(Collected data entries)
┌──
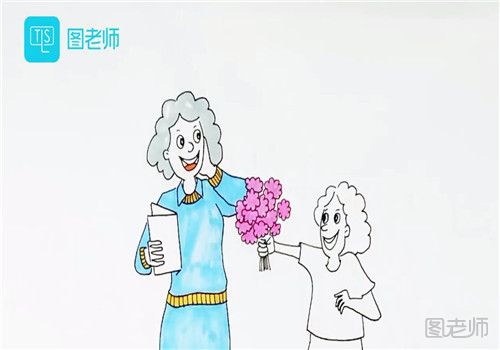 庆祝教师节儿童画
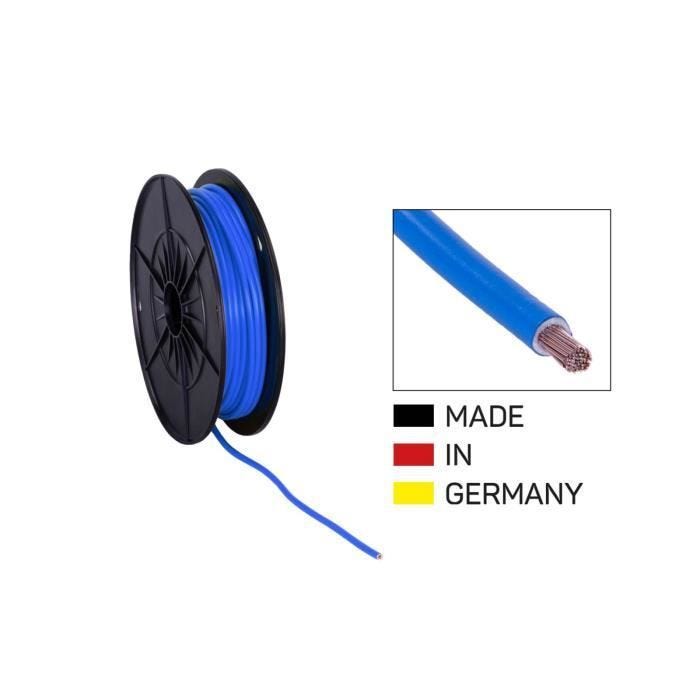 Câble d'alimentation FLY 4.0mm² bleu bobine 25 m
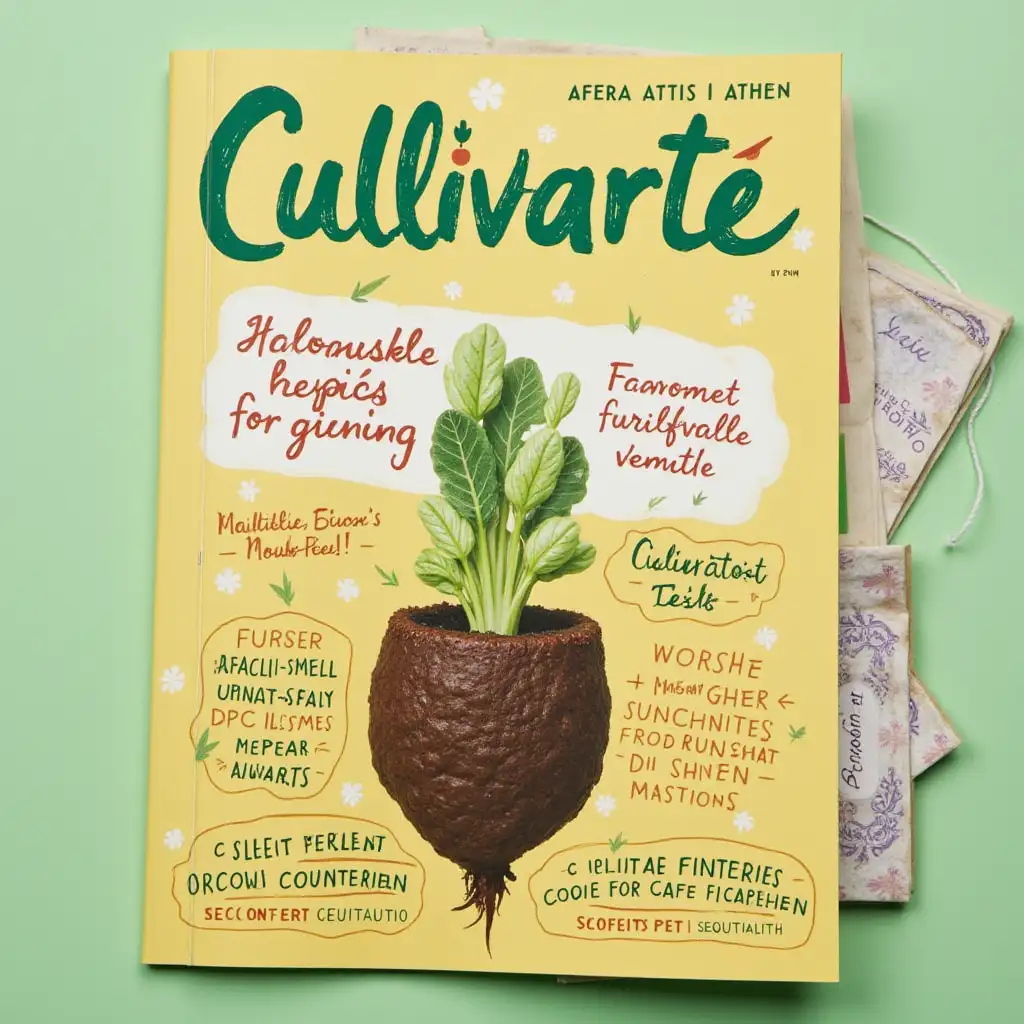 cover for magazine named cultivarte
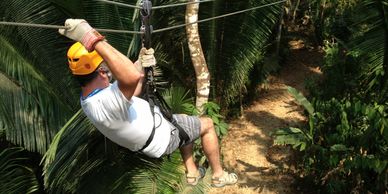 zip line in Belize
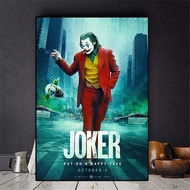 Canvas Painting Villain Smoking Joker Movie Art Poster Wall Joaquin Phoenix Prints and Picture Comic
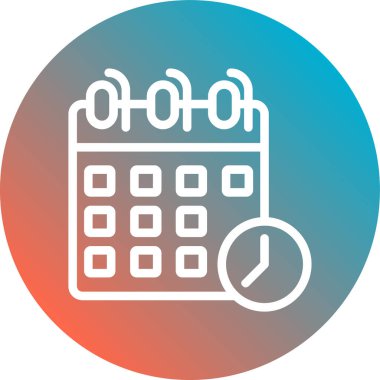 Takvim simgesinin vektör illüstrasyonu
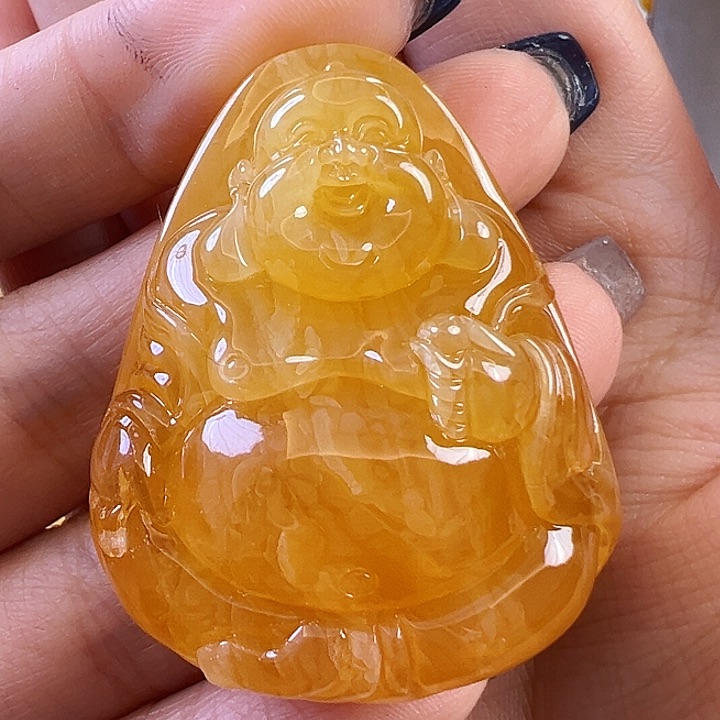 蜜蜡颈饰未镶嵌蜜蜡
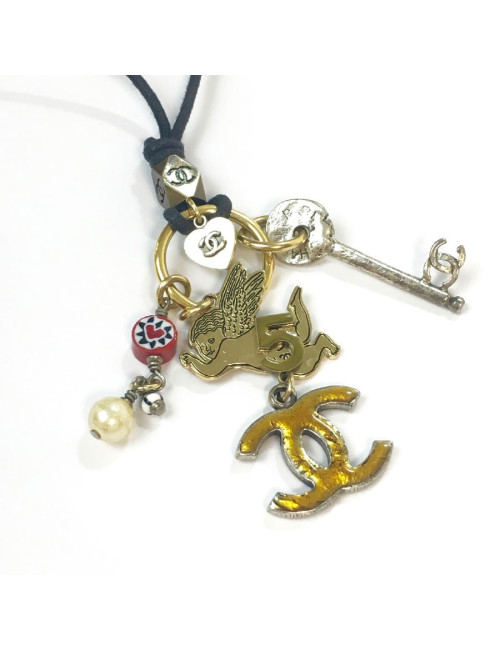 CHANEL link necklace and charms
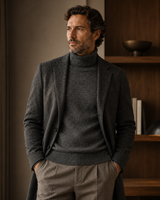 ZHILIFS men's Dark grey crew neck sweater, image 08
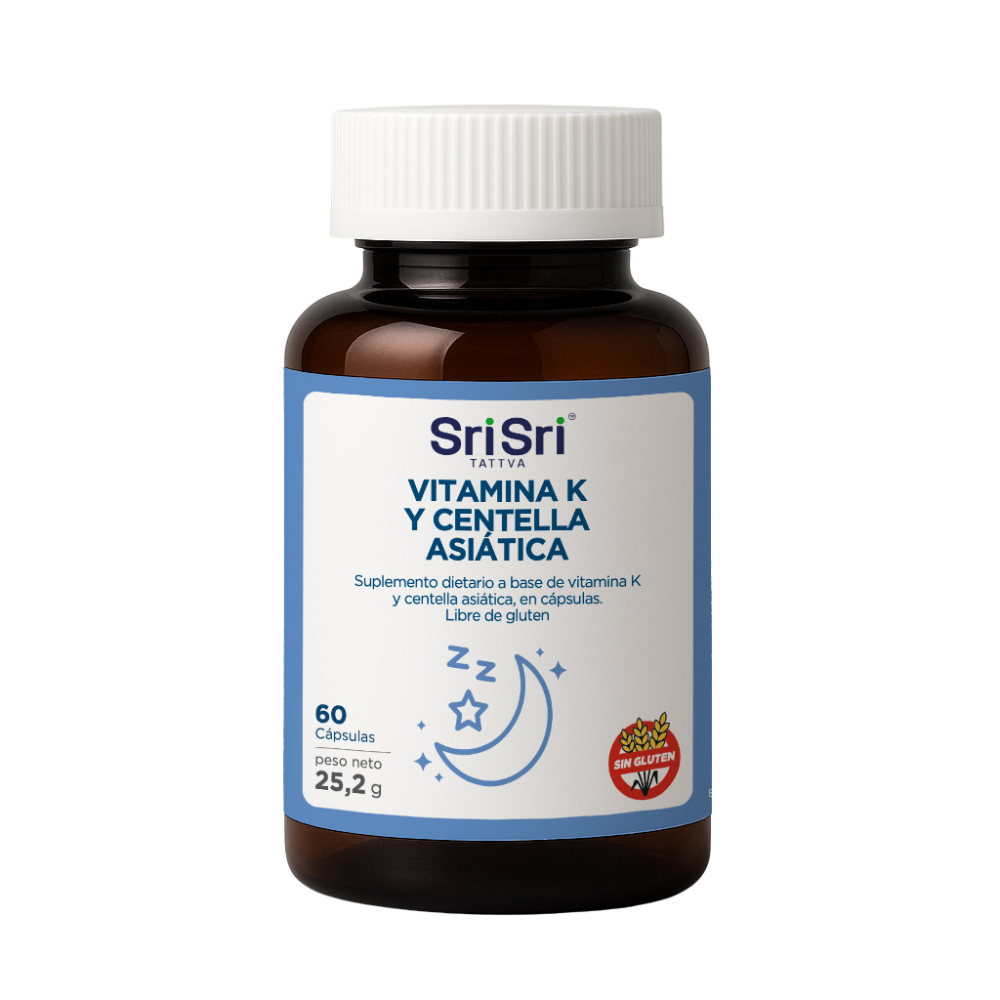 MEJORA INSOMNIO - VITAMINA K Y CENTELLA - SRI SRI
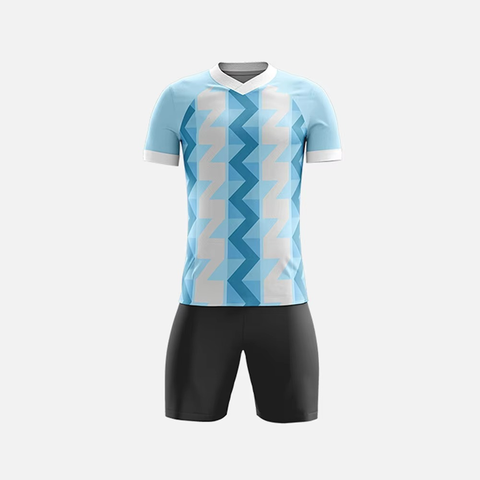 Designed Sublimated Soccer Uniform Quick Dry Breathable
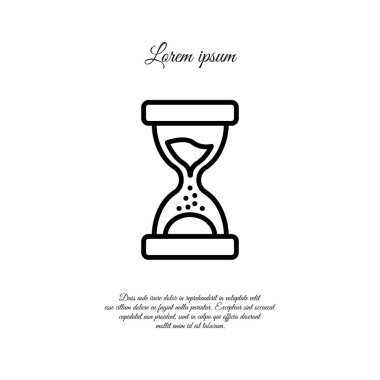 Kum saati web satırı simgesi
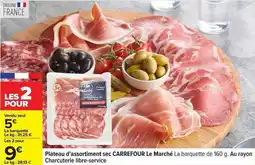 Carrefour Plateau d'assortiment sec CARREFOUR Le Marché offre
└──
*YOUR OBJECTIVE*
Retype the records above exactly, pictures omitted.

*OUTPUT BELOW*
 庆祝教师节儿童画
 Câble d'alimentation FLY 4.0mm² bleu bobine 25 m
 cover for magazine named cultivarte
 zip line in Belize
 Canvas Painting Villain Smoking Joker Movie Art Poster Wall Joaquin Phoenix Prints and Picture Comic
 Takvim simgesinin vektör illüstrasyonu
 蜜蜡颈饰未镶嵌蜜蜡
 CHANEL link necklace and charms
 ZHILIFS men's Dark grey crew neck sweater, image 08
 MEJORA INSOMNIO - VITAMINA K Y CENTELLA - SRI SRI
 Designed Sublimated Soccer Uniform Quick Dry Breathable
 Kum saati web satırı simgesi
 Carrefour Plateau d'assortiment sec CARREFOUR Le Marché offre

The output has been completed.